We headed to River of Life Mission, just prior to noon and set up for a worship/praise service before serving lunch to the clients. Scott S. picked out several hymns and Mission favorites for us to sing, including a mission favorite called “Open the Eyes of My Heart, Lord.” The youth acted out the gospel reading, and Ketlen delivered a knockout message. The clients told Evan that they thought we sang like angels. The staff directed several of us to go into the food line area to put food onto trays, while other stayed in the dining room to deliver trays and pour drinks. Scott S. sat at the piano and played for more than 2 solid hours. It was quite a blessing to hear music the whole time we were serving others. It didn’t feel like work at all.

After the lunchtime cleanup was completed, the staff took us on a tour of the River of Life Mission building and told us about their programs. We heard the stories of several clients, but one in particular has stayed with me, and I think of him every day. Chris told us his story of redemption. His was a long story, and I lost count of the number of times he went through drug rehab. But he kept on trying to find the right path. If you ever want to see a truly happy person, meet Chris. He glowed with joy and happiness in the security of the Lord’s grace. He is happy because he chose to believe in Christ. Chris does not have an easy life; he has overcome many challenges, and has many yet to conquer. But Chris has an incredible inner happiness and calm to him that can only be attributed to the grace of God. Seeing and hearing him filled my heart with gladness. He reminded me that I, too, have chosen Christ, and I need to be conscious about how this choice governs my actions.

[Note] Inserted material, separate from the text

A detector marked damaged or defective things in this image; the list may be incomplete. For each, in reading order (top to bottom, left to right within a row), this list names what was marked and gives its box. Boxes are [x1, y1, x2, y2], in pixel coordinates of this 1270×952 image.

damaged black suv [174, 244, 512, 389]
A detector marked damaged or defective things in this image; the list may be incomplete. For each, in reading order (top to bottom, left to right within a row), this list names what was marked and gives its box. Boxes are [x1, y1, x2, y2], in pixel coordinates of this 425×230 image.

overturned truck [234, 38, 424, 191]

I only have a few pictures of that day, taken late in the evening. Our valuables were locked in a file cabinet drawer as soon as we entered the mission. After we left the mission, we filled Julia’s prescriptions. We visited Walgreen’s and Wal-Mart before getting the right mix that would work. It was bonding kind of day, I would say… We ate dinner that evening in Haleiwa, and returned to the camp for our evening worship.

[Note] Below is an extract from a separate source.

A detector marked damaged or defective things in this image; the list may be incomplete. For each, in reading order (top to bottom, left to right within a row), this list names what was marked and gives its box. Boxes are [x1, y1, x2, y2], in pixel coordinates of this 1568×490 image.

I learned that there are people who really, really, really believe in Christ and are not shy about sharing that belief. I learned that caring for others and caring for each other is equally important. I learned that I am truly blessed by God, I learned that music is a powerful ministry.

Friday, June 26

Quotes from my journal on this day: I notice when I go out to the beach in front of the cabins at sunrise that more rocks are exposed than earlier in the week at the same time. Ah, the joy of staying in one place. The unknown becomes familiar, just like we learn to know Jesus, God and the Holy Spirit. But we always discover new surprises. The level of the tide, the depth of our faith, they are ever changing. Stay in one place long enough to get to know it. Stay with Christ long enough to feel His love. Ever changing. Alpha and Omega. Evermore and Evermore. Get to know a place so that when you leave, you will miss it. Learn to love and respect Christ enough to know how much you need him.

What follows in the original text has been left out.